De beslissing van de Federal Reserve om de rente te verlagen
Op woensdag heeft de Federal Reserve voor de derde achtereenvolgende keer de belangrijkste rente verlaagd. Deze maatregel werd aangekondigd in een periode waarin de centrale bank aangeeft mogelijk in de komende maanden de rente niet verder te zullen aanpassen. Deze rentewijziging volgt op een bijeenkomst die twee dagen duurde en wordt beschouwd als onderdeel van een breder beleidsproces om de economie te sturen.
De inhoud van de aankondiging en de economische context
In een verklaring na afloop van de vergadering maakte de Federal Reserve duidelijk dat de rente, momenteel geschat op ongeveer 3,6%, het laagste niveau is sinds bijna drie jaar. Het verlagen van de rente verlaagt op termijn de kosten voor leningen voor hypotheken, autoleningen en creditcards, hoewel marktwerking ook invloed kan hebben op deze tarieven. Opvallend was dat drie officials zich-uitgesproken hebben tegen de maatregel, het hoogste aantal in zes jaar, wat wijst op verdeeldheid binnen de commissie die doorgaans consensus nastreeft.
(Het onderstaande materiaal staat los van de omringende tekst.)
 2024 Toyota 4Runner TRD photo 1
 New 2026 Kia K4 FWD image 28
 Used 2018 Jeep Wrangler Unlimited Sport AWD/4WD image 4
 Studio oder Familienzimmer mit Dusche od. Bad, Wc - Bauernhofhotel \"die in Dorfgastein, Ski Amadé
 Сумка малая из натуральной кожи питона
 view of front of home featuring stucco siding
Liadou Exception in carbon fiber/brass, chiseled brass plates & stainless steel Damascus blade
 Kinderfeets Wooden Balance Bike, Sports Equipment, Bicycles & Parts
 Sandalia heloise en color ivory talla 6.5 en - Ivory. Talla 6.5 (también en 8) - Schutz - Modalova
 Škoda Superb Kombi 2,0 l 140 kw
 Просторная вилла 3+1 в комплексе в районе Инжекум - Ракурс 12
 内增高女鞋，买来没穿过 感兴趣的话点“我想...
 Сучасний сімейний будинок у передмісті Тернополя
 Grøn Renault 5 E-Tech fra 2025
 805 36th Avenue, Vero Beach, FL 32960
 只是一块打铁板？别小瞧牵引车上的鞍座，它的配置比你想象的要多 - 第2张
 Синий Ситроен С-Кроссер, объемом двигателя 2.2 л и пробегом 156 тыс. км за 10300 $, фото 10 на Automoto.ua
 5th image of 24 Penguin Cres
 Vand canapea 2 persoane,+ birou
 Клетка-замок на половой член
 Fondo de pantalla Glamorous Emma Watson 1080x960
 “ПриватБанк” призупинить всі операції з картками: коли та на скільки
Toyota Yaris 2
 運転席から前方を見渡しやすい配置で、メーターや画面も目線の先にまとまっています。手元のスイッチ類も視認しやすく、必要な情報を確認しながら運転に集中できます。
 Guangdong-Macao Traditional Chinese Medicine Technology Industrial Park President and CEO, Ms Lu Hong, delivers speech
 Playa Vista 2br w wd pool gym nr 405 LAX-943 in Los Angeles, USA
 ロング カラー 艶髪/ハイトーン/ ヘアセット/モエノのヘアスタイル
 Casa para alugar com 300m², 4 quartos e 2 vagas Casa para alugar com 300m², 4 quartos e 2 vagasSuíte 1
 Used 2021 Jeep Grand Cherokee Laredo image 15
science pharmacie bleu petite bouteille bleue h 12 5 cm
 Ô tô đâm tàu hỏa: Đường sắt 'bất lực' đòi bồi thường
Politieke en marktfragmentaties
De verdeeldheid binnen de Federal Reserve blijkt eveneens uit de prognoses voor 2026. Zeven leden voorzien geen verdere renteverlagingen in dat jaar, terwijl acht verwachten dat de centrale bank twee of meer keren zal moeten ingrijpen. Vier leden steunen slechts een enkele verlaging. Aan de besluitvorming nemen twintig leden deel, maar slechts negentien stemmen hierover.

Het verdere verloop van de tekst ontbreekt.